Opinion & Analysis

The far right’s impact on the EU’s climate agenda

The far right is stronger than ever in the European Parliament. And climate policy has become a testing ground for its influence. 

More than a year has passed since the far right made significant gains in the European Parliament (EP). The 2024 EP elections resulted in the highest-ever vote share for the far right: 27 per cent, or 191 seats out of the total 720, are now occupied by MEPs who belong to far-right party groupings.

This shift is both a reflection of the altered political landscape in Europe and a driver of further rearrangement. The fact that more than a quarter of the European Parliament aligns itself with far-right ideas demonstrates how much politics have changed at the member-state level. Radical right parties have topped polls in Europe’s four most populous countries (Germany, France, Italy and the UK); they are in office or support the government in seven (Belgium, Croatia, Finland, Italy, Hungary, Slovakia and Sweden); and have a significant impact on politics in eight more. This means that the far right influences the agenda in 17 countries, or more than half of the EU.

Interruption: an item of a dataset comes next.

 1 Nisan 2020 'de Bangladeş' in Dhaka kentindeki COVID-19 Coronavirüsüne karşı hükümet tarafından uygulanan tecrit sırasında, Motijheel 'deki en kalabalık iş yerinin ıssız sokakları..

This hard-right shift is also affecting the policies of the centre. Moderate and conservative parties have started moving further right, changing positions on issues such as migration, civil society and climate.

To assess the policy impact of the far right in the new Parliament, this insight focuses on one specific area, the green agenda, because populist and far-right parties have recently benefitted from a political backlash against it at the polls (the so-called greenlash). It looks at both the direct impact, meaning the outcome of votes in the European Parliament, and any indirect impact, that is diluting or delaying existing legislation, hindering the adoption of new policies, or forcing centrist parties to shift away from supporting climate-friendly policies.

Hard numbers: Votes and outcomes in the European Parliament
There are different ways to define the far right and the terminology around it is not always clear-cut. Certain previously extremist parties have ‘moderated’ their rhetoric (such as Giorgia Meloni’s Fratelli d’Italia) and mainstream parties and groupings have moved to the right on several issues (such as the centre-right European People’s Party (EPP) on migration). ‘Hard right’ and ‘radical right’ are also used to describe the same group of parties.

This insight uses Cas Mudde’s categorisation and the Populist 3.0 project to classify parties. According to Mudde, ‘far right’ is an umbrella term that includes the extreme right (parties that want to do away with democracy) as well as the radical right (parties that accept democracy but less so the rule of law, separation of powers, or minority rights). Using this classification, 89 per cent of two groupings, the European Conservatives and Reformists (ECR) and the Patriots for Europe (PfE), and a 100 per cent of the Europe of Sovereign Nations (ESN) is comprised of far-right national parties. This insight therefore classifies all three groupings as far-right and adds six MEPs currently sitting in the non-attached group (NI), bringing the total number of far-right MEPs in the European Parliament to 197, or 27.4 per cent.

(A ‘stricter’ categorisation, that only includes 89 per cent of the ECR and Patriots, respectively, results in a total of 179 MEPs, or 24.9 per cent of the Parliament.) The three far-right party groupings, however, differ on numerous issues. The ECR is the most moderate; the Patriots – successors of Identity and Democracy (ID) from the previous Parliament and represented by France’s Marine Le Pen and Hungary’s Viktor Orbán – sit further to the right; and the ESN, the smallest grouping featuring Germany’s AfD, is the most hardline.

According to the numbers, therefore, the far-right threat is significant. Centrist and mainstream parties still dominate the European Parliament with 529 MEPs out of 720 or 63 per cent of the seats. But this percentage is the lowest ever the mainstream has achieved, and if we add together the seats of all far-right MEPs, they outnumber the two largest parties, the EPP at 26 per cent and the centre-left Socialist and Democrats (S&D) at 19 per cent (see Chart 1).

At the same time, the far right does not vote as a united bloc. Additionally, party discipline tends to be lower among far-right parties than in the mainstream, with MEPs following national interests or that of their domestic political party even when that means deviating from their group in the Parliament. In the previous legislative term, far-right groupings were the least cohesive, with their MEPs voting least uniformly (while the Greens were the most cohesive group). The lack of cohesion limited the far right’s policy impact in recent terms.